Courts have recognized that it is in the best interests of a child to travel with a parent. A court may provide relief when one parent unreasonably withholds consent from the other parent to travel with a child and compel a divorced parent to cooperate with the other parent to secure a passport for a child (Arroyo v. Agosta [2nd Dept. 2010]).
Thus, in Anthony McK. v. Dawn M., 2009 WL 8527772, Kings County Family Court Judge Paula J. Hepner, authorized a mother to obtain a passport to obtain a passport for the parties’ 11-year old daughter, over the objection of the father (indeed, the father had entered his daughter into the State Department’s Children’s Passport Issuance Alert Program). Moreover,the child was specifically authorized to travel with the mother.

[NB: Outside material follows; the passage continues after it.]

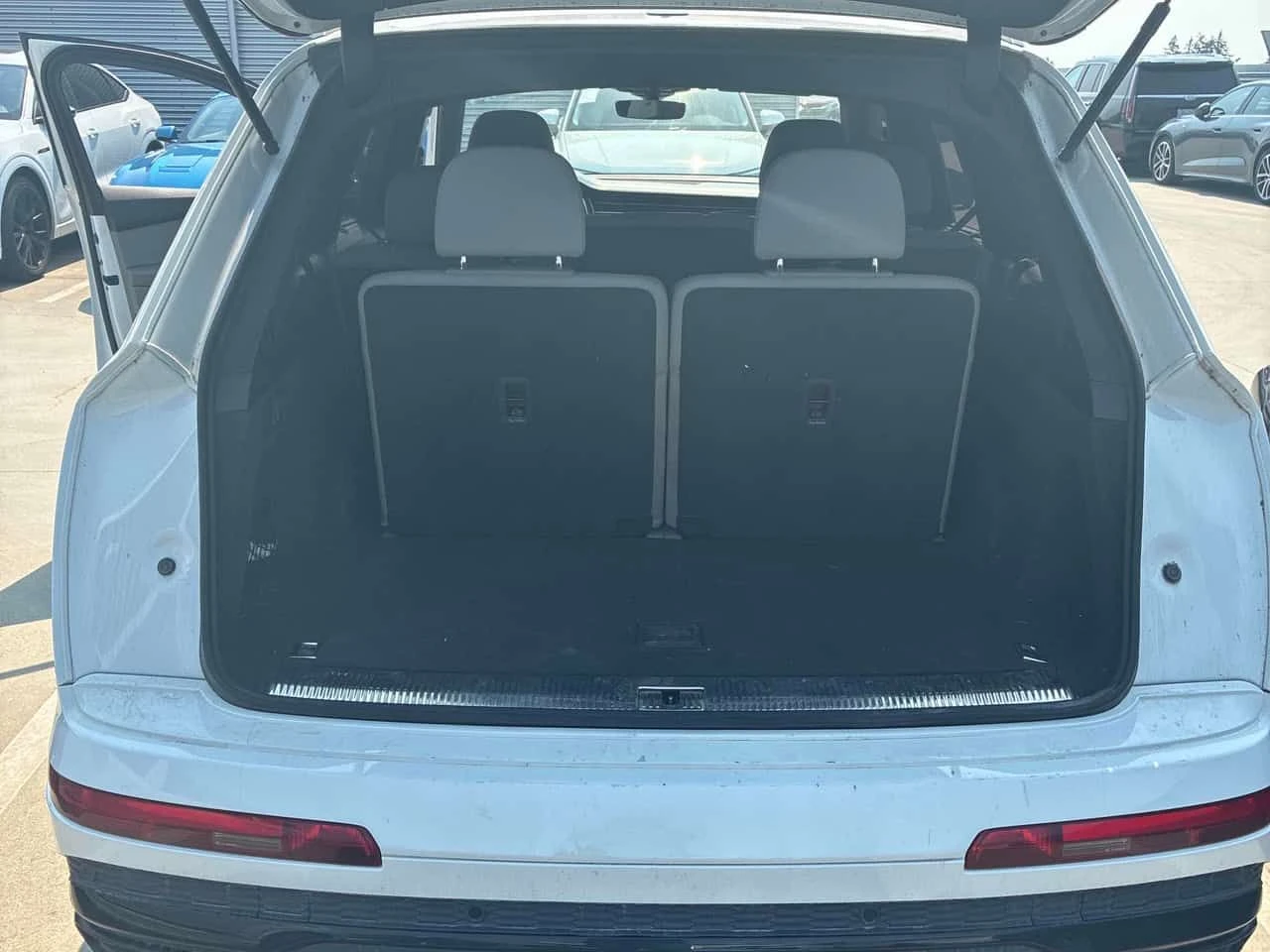 Audi Q7 Technik/360/DIS/HUD/B&O/MATIRX/ОТ ПРЕДСТАВИТЕЛСТВО, снимка 13 - Автомобили и джипове - 55663091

Judge Hepner also noted the Federal provisions relating to the issuance of a passport to a minor:
[M]inors under the age of sixteen are required to appear in person when applying for a passport [22 CFR 51.28(a)(1)pdf]. Both parents are required to execute the application on behalf of a minor under the age of sixteen when applying for a passport for the first time and provide documentary proof of parentage [22 CFR 51.28(a)(2)]. One parent may execute a passport application for a child if s/he provides “documentary evidence that such person … has sole custody of the minor” in the form of “an order of a court of competent jurisdiction granting sole legal custody to the applying parent containing no travel restrictions inconsistent with the issuance of the passport, or specifically authorizing the applying parent to obtain a passport for the minor, regardless of custodial arrangements; or specifically authorizing the travel of the minor with the applying parent or legal guardian” [22 CFR § 51.28(a)(3)(ii)(E)]. Before a passport is issued, the parent of a minor may file objections “so long as the objecting party provides sufficient documentation of his or her custodial rights or mother authority to object” [22 CFR § 51.28(c)(1)].
Forms are also available online. Under ordinary circumstances, it is necessary for a passport application (Form DS-11) to be executed and presented, in person, by the minor and both parents at a passport acceptance facility (usually a post office). However, if both parents are not to be in attendance, then it is necessary for the non-appearing parent to execute a Statement of Consent (Form DS-3053), unless a court order provides otherwise.
It is always advisable for a parent to travel with a consent from (Travel Consent form.pdf), signed by the other parent and notarized, authorizing the parent to travel with, make arrangements for, and make health care decisions concerning the child.